I’ll start. Every Christmas since I was a child in the 1980s, my mother meticulously picked — and then picked apart — my hair and wardrobe. I’m not sure whom she was trying to impress: my nana, a regular presence who was already privy to my sartorial missteps, from Jams shorts to jelly shoes to the wrong color Benetton rugby? Or maybe Nana’s upstairs neighbors, who let me make prank calls from their rotary phone underneath a giant framed portrait of Jesus? I just remember that how I dressed was of paramount importance, as was how I behaved.
The photographs tell a tale. In the 1980s, I sported braids and ribbons matching a monogrammed sweater and plaid kilt. I still remember the decorative pin sticking into my legs as we rode up Interstate 495 from Acton to South Lowell, my mother instructing me from the front seat: “don’t be piggy” and eat too much shrimp dip. This was followed by an admonition not to be “too big for my britches,” though that didn’t stop everyone from asking me to recite the US presidents both backward and forward before being dismissed from the table to read about Warren G. Harding in private. I was as cool as you might imagine.
In the early ‘90s, I sported turtlenecks and plaid Gap blazers, which my mother said looked “sharp.” She loved turtlenecks; she thought they conferred a certain New England preppy panache. Cloaked thusly, my brother and I are pictured circa 1991 in my grandparents’ front room, both dressed like accountants, singing the score from Annie Get Your Gun — my junior high school’s musical that year. I did not win the lead, but Nana and my mother clearly thought I deserved it as they beamed from behind the Hummels. My brother had bigger problems; he was wearing saddle shoes.
High school gets more complicated. After a mishap with CVS hair dye, my thick locks turned crispy, and my mother arduously rolled my hair using her curling iron to give it bounce, a painful process that turned me into the Flying Nun. She also urged me to wear headbands to “show off my cheekbones and profile.” Between the blazers, the headbands, and the presidents, I was basically a pubescent Hillary Clinton. My nana, ever the shopper, gifted me a minimizer bra.
Let’s skip college entirely; it’s for the best. Things got more contentious when I moved to Washington, D.C., and returned home for the holidays, with my own wardrobe. Cue my mother asking about my water pressure (apparently, my hair had lost its luster) and urging me to go for a walk so I didn’t get “hefty.” Often, I would argue; occasionally, I would wonder if I was, indeed, getting hefty. Then I’d rummage in the back of the fridge for an ancient wine cooler.

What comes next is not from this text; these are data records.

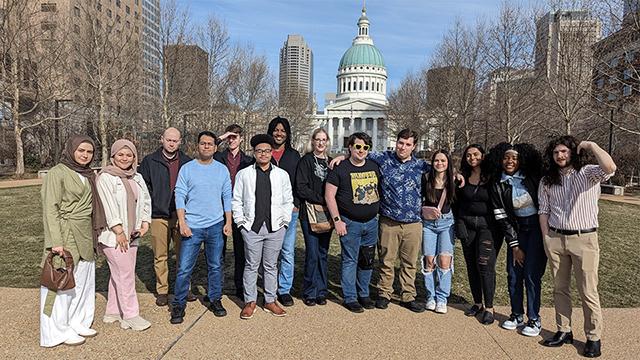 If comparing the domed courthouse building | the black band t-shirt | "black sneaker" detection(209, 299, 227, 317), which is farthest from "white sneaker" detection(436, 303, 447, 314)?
the domed courthouse building

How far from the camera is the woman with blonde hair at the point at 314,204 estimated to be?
511 cm

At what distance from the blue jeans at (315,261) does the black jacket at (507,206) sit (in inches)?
77.0

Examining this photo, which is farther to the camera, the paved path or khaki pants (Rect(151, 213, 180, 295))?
khaki pants (Rect(151, 213, 180, 295))

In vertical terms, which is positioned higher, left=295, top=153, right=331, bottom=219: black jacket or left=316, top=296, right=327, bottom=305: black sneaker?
left=295, top=153, right=331, bottom=219: black jacket

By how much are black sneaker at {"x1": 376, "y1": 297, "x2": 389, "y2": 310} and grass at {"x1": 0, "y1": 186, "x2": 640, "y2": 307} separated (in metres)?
0.67

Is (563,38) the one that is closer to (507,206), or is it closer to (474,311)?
(507,206)

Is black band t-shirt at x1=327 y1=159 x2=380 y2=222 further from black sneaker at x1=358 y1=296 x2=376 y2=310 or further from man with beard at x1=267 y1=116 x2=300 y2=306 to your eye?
black sneaker at x1=358 y1=296 x2=376 y2=310

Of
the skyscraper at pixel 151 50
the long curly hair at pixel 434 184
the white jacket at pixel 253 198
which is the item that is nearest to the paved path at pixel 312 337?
the white jacket at pixel 253 198

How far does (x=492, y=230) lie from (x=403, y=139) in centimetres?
142

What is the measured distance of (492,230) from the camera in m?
4.73

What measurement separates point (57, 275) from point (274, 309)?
221cm

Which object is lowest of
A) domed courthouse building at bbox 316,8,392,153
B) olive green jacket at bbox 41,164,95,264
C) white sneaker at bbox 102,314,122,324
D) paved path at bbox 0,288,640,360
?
paved path at bbox 0,288,640,360

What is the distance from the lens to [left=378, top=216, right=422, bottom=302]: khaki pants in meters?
5.02

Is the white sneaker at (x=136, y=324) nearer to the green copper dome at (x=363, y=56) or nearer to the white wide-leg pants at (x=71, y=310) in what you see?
the white wide-leg pants at (x=71, y=310) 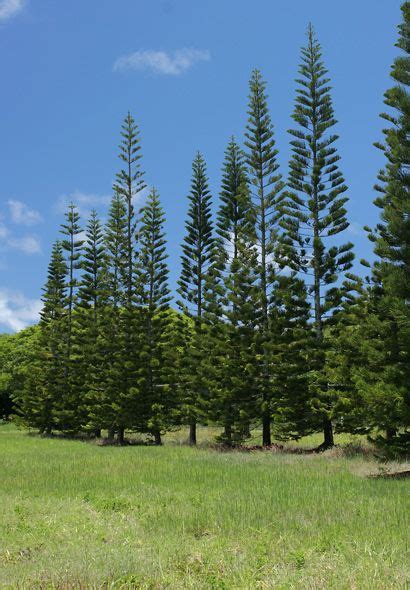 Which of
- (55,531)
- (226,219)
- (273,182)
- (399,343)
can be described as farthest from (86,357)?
(55,531)

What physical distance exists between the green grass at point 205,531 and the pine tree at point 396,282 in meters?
2.24

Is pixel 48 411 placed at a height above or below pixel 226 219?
below

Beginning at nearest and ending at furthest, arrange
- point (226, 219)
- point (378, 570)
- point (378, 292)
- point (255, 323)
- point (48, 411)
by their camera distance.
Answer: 1. point (378, 570)
2. point (378, 292)
3. point (255, 323)
4. point (226, 219)
5. point (48, 411)

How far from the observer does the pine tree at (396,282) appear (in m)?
15.3

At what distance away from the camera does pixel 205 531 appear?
26.8 ft

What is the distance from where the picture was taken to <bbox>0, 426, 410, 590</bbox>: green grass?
575cm

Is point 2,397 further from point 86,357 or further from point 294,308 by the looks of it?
point 294,308

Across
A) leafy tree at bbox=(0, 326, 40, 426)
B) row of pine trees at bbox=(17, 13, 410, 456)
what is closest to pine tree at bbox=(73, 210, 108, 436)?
row of pine trees at bbox=(17, 13, 410, 456)

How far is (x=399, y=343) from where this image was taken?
1582cm

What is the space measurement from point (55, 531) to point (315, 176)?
2181 centimetres

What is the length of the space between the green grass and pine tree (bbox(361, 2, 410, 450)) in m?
2.24

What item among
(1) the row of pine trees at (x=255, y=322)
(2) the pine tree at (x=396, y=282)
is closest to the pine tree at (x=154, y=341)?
(1) the row of pine trees at (x=255, y=322)

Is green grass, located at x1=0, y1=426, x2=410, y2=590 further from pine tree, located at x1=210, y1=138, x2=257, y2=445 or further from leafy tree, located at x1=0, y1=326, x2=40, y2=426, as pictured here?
leafy tree, located at x1=0, y1=326, x2=40, y2=426

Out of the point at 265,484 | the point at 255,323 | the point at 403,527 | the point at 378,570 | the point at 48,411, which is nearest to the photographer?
the point at 378,570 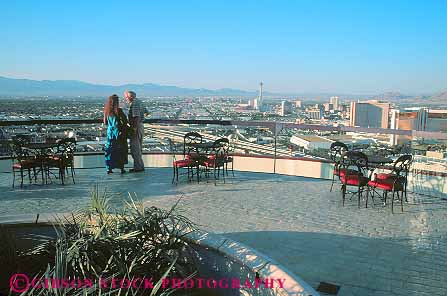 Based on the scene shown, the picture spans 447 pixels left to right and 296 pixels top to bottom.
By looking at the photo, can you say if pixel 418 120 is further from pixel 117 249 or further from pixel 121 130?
pixel 117 249

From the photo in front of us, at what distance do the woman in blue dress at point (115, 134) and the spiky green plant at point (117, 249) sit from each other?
512cm

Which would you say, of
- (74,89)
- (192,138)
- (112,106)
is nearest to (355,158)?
(192,138)

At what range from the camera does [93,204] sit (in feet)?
9.61

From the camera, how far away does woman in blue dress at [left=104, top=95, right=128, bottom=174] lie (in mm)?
7965

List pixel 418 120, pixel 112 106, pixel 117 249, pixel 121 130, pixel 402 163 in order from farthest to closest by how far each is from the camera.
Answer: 1. pixel 121 130
2. pixel 112 106
3. pixel 418 120
4. pixel 402 163
5. pixel 117 249

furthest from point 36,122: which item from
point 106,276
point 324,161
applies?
point 106,276

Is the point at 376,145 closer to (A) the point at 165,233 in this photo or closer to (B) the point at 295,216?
(B) the point at 295,216

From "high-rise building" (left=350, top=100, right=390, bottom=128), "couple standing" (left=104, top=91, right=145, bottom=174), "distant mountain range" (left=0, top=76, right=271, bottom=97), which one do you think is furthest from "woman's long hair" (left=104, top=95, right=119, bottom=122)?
"distant mountain range" (left=0, top=76, right=271, bottom=97)

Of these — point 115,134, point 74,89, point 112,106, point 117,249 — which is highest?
point 74,89

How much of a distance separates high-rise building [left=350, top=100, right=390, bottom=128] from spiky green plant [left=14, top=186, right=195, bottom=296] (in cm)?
630

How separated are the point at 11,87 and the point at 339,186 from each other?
3381 cm

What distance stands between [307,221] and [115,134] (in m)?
4.33

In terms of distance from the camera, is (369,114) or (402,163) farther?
(369,114)

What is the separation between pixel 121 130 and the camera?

In due course, I moved back to Boston. One would think that, as a full-grown adult with my own home and even my own children, my mother’s opinion wouldn’t matter quite so much. Hardly. In fact, it mattered more. Before hosting for the holidays, I would clean assiduously, buy fresh houseplants that would inevitably wilt within weeks, trim my kids’ hair (so they didn’t look “long in the face”), and race around like a maniac spraying air freshener while my husband contemplated divorce. My mother was still omnipotent: A compliment from her could make my day; a look of disapproval or disappointment could take me right back to the shrimp dip bowl in my nana’s living room. You can be 4 or 40; the need for validation isn’t always something you outgrow.

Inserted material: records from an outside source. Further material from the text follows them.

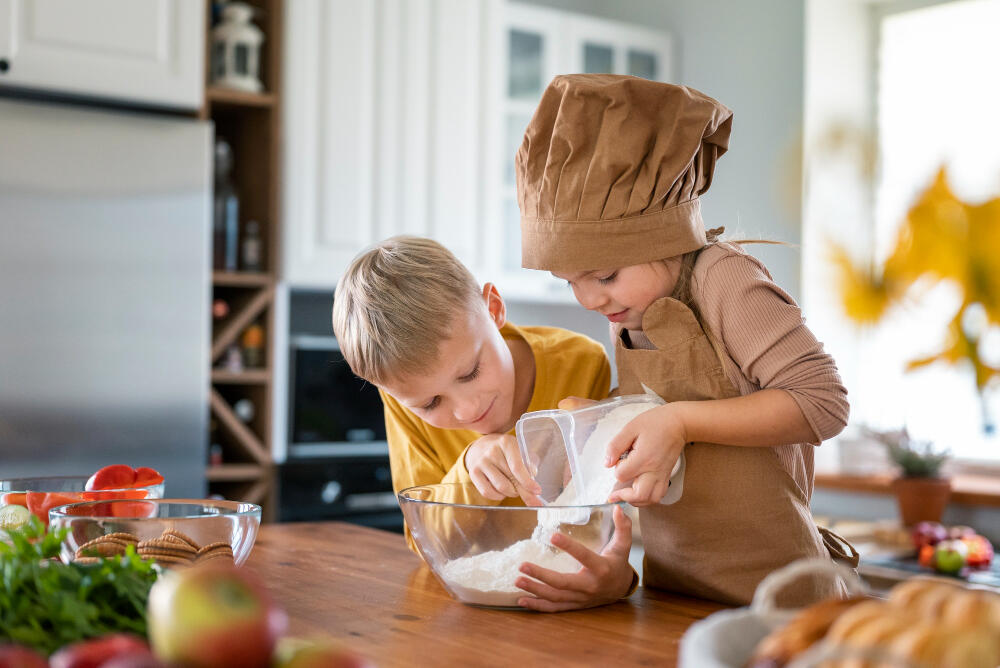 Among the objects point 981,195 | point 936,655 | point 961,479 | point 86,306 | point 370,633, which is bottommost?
point 961,479

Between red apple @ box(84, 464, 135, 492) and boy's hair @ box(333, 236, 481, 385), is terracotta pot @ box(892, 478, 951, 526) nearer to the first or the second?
boy's hair @ box(333, 236, 481, 385)

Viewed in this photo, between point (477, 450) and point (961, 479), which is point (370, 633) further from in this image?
point (961, 479)

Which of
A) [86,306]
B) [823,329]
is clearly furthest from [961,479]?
[86,306]

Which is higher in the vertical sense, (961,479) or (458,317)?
(458,317)

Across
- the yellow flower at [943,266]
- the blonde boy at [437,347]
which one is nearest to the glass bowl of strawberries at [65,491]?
the blonde boy at [437,347]

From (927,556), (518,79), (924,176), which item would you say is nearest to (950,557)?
(927,556)

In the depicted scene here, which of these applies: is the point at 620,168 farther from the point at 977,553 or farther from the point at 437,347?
the point at 977,553

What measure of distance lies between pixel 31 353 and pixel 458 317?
142 cm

But I don’t have anyone to clean for anymore. My mother died two years ago. I miss so much about her. I miss that she knew absolutely everything about my kids (from their shoe sizes to their teachers’ degrees). I miss that she kept me up to date on all the Acton gossip. But somehow, around the holidays, the thing I find myself missing most is her commentary. There’s no real reason to trim my kids’ hair or to show off what’s left of my cheekbones; my father would be delighted if I hosted him wearing a parachute and a top hat.
A mom’s opinion might level or lift you, but it will always ground you. So, this year, I’ll make my own gravity. On Christmas morning, I’ll wash my hair until it’s squeaky clean. Blow it full, the way she liked. Tidy up, make the house look nice, spritz Mrs. Meyer’s Clean Day in the air. And when I lay out my kids’ clothes — because you know I will — they’ll be wearing turtlenecks.